Description
-
I have checked that this issue has not already been reported.
-
I have confirmed this bug exists on the latest version of pandas.
-
I have confirmed this bug exists on the master branch of pandas.
Reproducible Example
import pandas as pd
df = pd.DataFrame(data=[ "a"*127 ]*4000)
# Put two-byte utf-8 encoded character at the end of the chunk (the utf-8 encoding of "ą" is b'\xc4\x85')
df.iloc[2047] = "a"*127 + "ą"
df.to_csv("./bugtest.csv", index=False, header=False, encoding="utf-8")
df1 = pd.read_csv("./bugtest.csv", header=None, memory_map=True) # <-- this fails
Traceback (most recent call last):
File "/home/michal/.conda/envs/py39nlp/lib/python3.9/site-packages/pandas/io/parsers/c_parser_wrapper.py", line 69, in __init__
self._reader = parsers.TextReader(self.handles.handle, **kwds)
File "pandas/_libs/parsers.pyx", line 542, in pandas._libs.parsers.TextReader.__cinit__
File "pandas/_libs/parsers.pyx", line 745, in pandas._libs.parsers.TextReader._get_header
File "pandas/_libs/parsers.pyx", line 843, in pandas._libs.parsers.TextReader._tokenize_rows
File "pandas/_libs/parsers.pyx", line 1917, in pandas._libs.parsers.raise_parser_error
UnicodeDecodeError: 'utf-8' codec can't decode byte 0xc4 in position 262143: unexpected end of data
python-BaseException
Issue Description
This bug occurs when the end of the internal 256KB buffer falls inside an utf-8 encoded multibyte character.

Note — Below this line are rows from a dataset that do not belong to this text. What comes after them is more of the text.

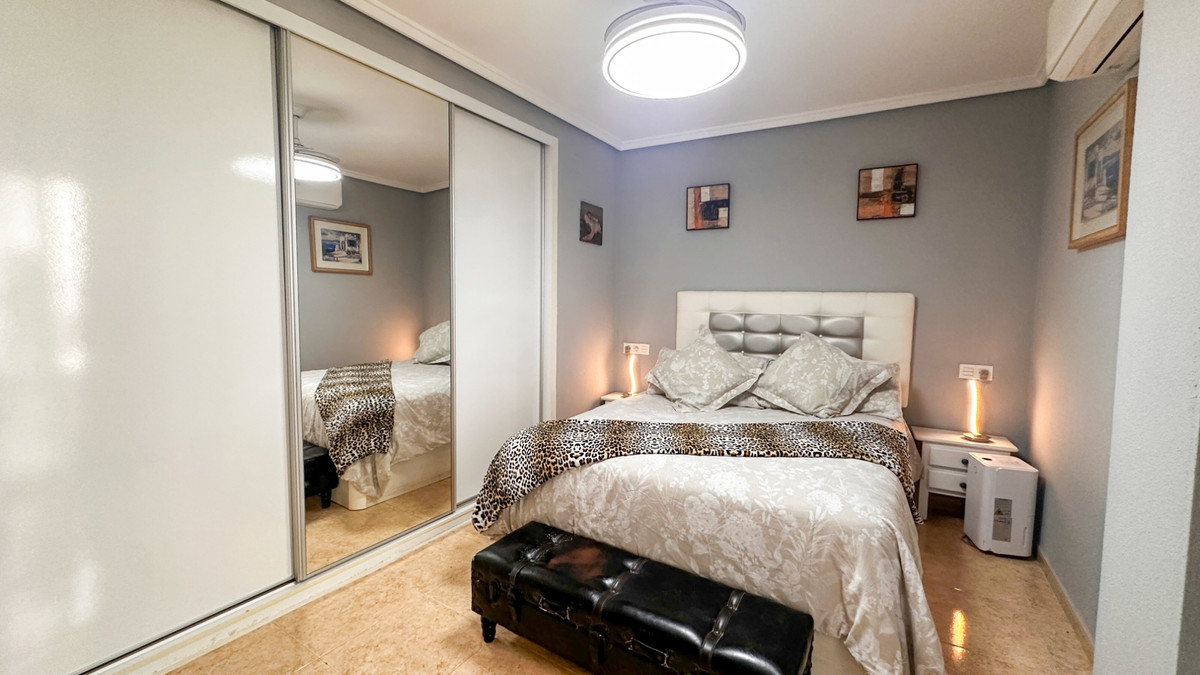 3 Bed Apartment for sale in Torrevieja Costa Blanca, Alicante, Spain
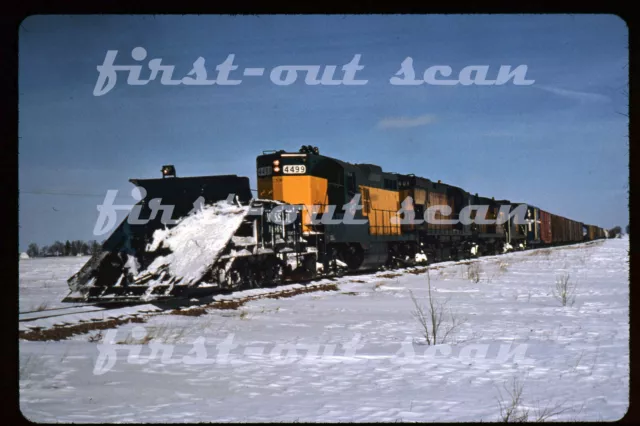 D DUPLICATE SLIDE - CNW C&NW 4499 GP-9 Action w/ Freight & Snow Plow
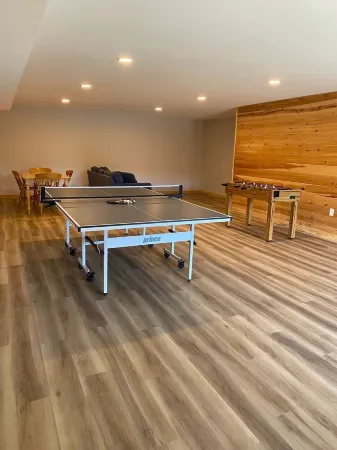 Bluebird Hill - rolling hills, meadows, large deck, fire pit, 3 bedroom, 2 bath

When memory_map=True, the csv parser uses _MMapWrapper.read()
method defined in common.py (L872):
def read(self, size: int = -1) -> str | bytes:
# CSV c-engine uses read instead of iterating
content: bytes = self.mmap.read(size)
if self.decode:
# memory mapping is applied before compression. Encoding should
# be applied to the de-compressed data.
return content.decode(self.encoding, errors=self.errors)
return content
As this function is called with size=256KB, it is clear that content
buffer can split a multibyte character. When it happens, the utf-8 codec raises "unexpected end of data" error.
The _MMapWrapper.read()
method was added in REGR: memory_map with non-UTF8 encoding #40994 , so the bug is present in Pandas 1.2.5 and newer versions.
Expected Behavior
Doesn't raise exception, produces the same result as pd.read_csv("./bugtest.csv", header=None, memory_map=False)
Installed Versions
pandas_datareader: None
bs4 : 4.9.3
bottleneck : None
fsspec : 2021.07.0
fastparquet : None
gcsfs : None
matplotlib : 3.4.3
numexpr : None
odfpy : None
openpyxl : None
pandas_gbq : None
pyarrow : 5.0.0
pyxlsb : None
s3fs : None
scipy : 1.7.1
sqlalchemy : None
tables : None
tabulate : None
xarray : None
xlrd : None
xlwt : None
numba : None